6 sierpnia 2025 roku, podczas uroczystości zaprzysiężenia Karola Nawrockiego na prezydenta RP, milczał jeden z najważniejszych symboli narodowych – dzwon Zygmunt. Choć metropolita krakowski, arcybiskup Marek Jędraszewski, polecił, by dzwon zabrzmiał z tej okazji, nie doszło do tego. Powód? Dzwonnicy po prostu się nie stawili.
Zabrakło ludzi do obsługi dzwonu
Aby dzwon Zygmunt mógł zostać bezpiecznie uruchomiony, potrzeba co najmniej 12 dzwonników. Tego dnia na wieży pojawiło się ich zbyt mało, by móc go wprawić w ruch. Oficjalnie wskazuje się, że winny był sezon urlopowy – wielu z nich wyjechało poza Kraków i nie było możliwości skompletowania pełnej obsady.
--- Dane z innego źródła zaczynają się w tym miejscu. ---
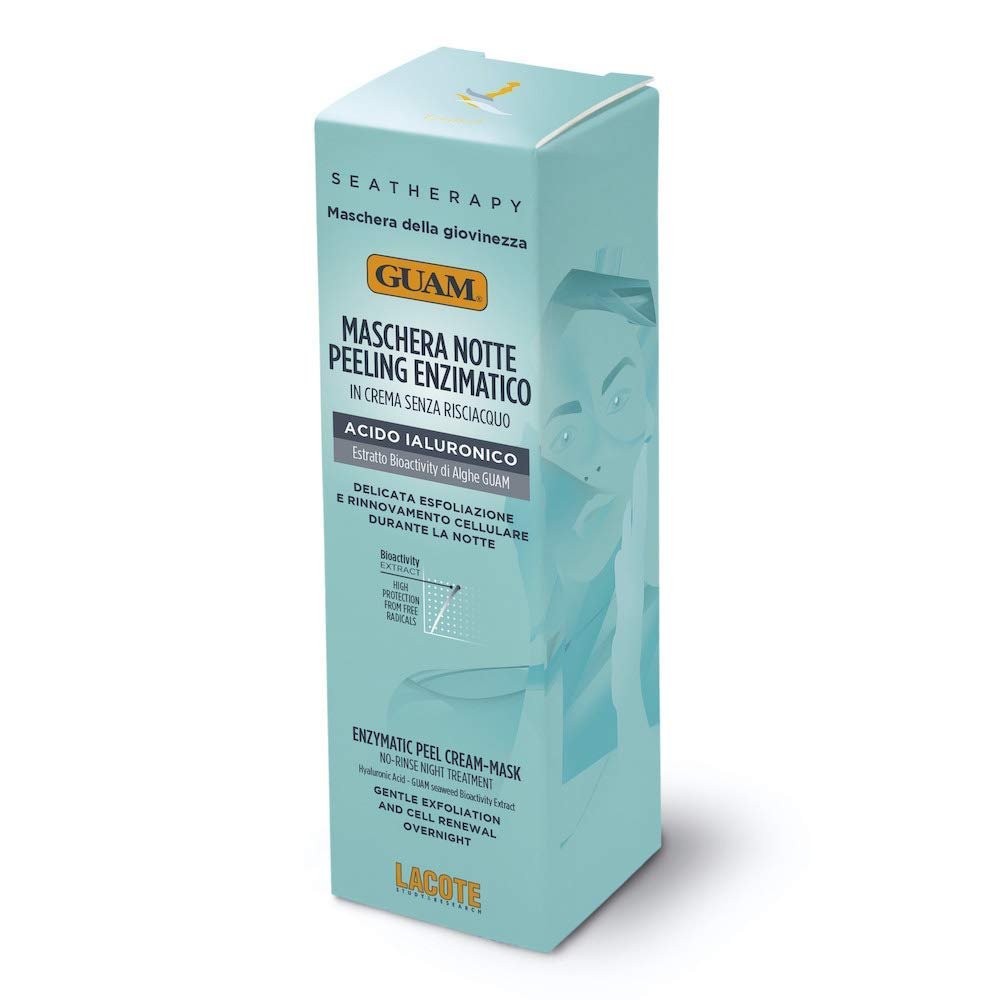 Guam, Seatherapy Enzyme Exfoliating Night Mask Gentle Exfoliating Cell Renewal Cream Treatment, Made in Italy, 75 ml Pack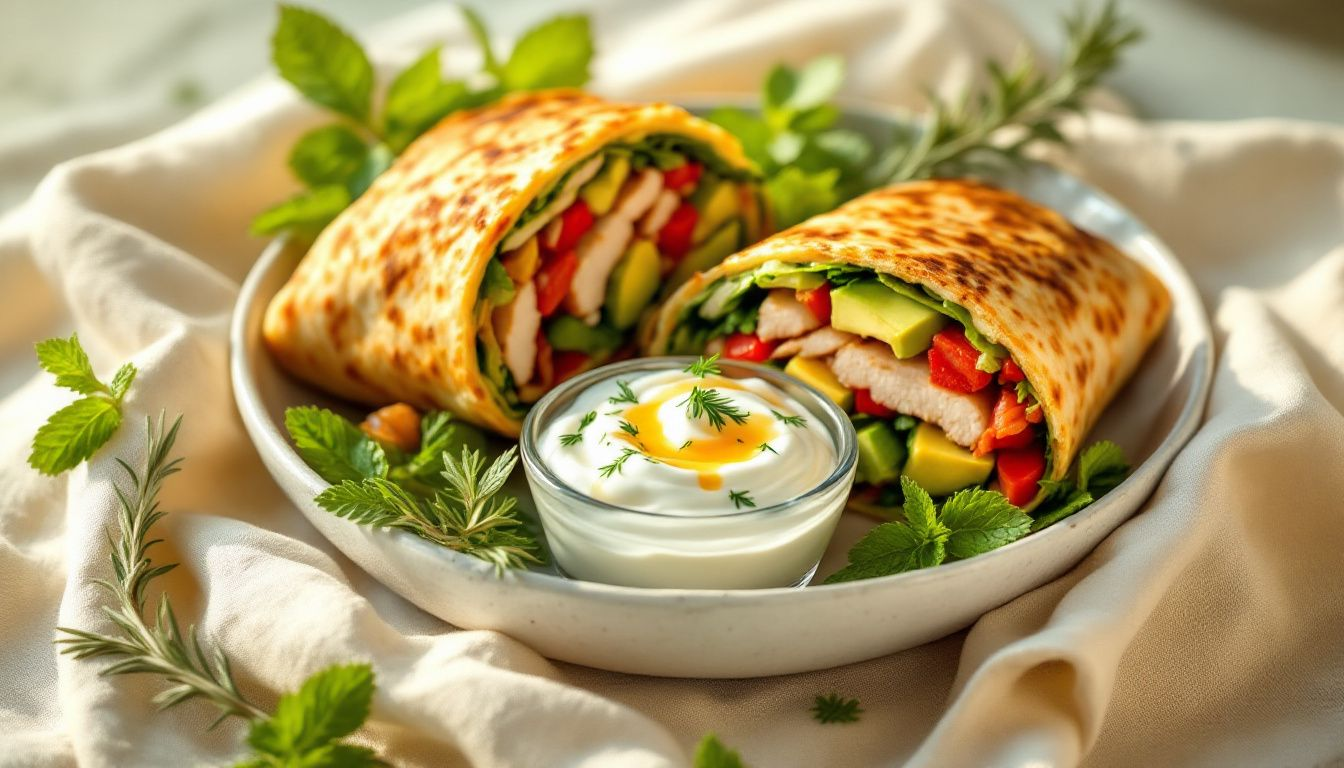 Protein Wraps, die mit einem Joghurt-Dip serviert werden.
Nieoficjalnie: cichy protest
Niektórzy dzwonnicy, wypowiadając się anonimowo, sugerują jednak, że ich nieobecność nie była przypadkowa. Ich zdaniem decyzja o uruchomieniu dzwonu była zbyt mocno związana z polityką i nie miała charakteru stricte narodowego czy religijnego. Jak mówią, nie chcieli, by dzwon Zygmunt „stał się narzędziem w rękach polityków”. To nieoficjalny, ale wyraźny sygnał sprzeciwu wobec upolityczniania symboli narodowych.
Historyczny precedens
To pierwszy taki przypadek w historii, kiedy mimo decyzji metropolity dzwon Zygmunt nie zabrzmiał z okazji tak ważnego wydarzenia państwowego. Jego milczenie odbiło się szerokim echem w mediach i zostało przez wielu odebrane jako symboliczny gest świadczący o rosnącym napięciu między Kościołem, obywatelami a władzą.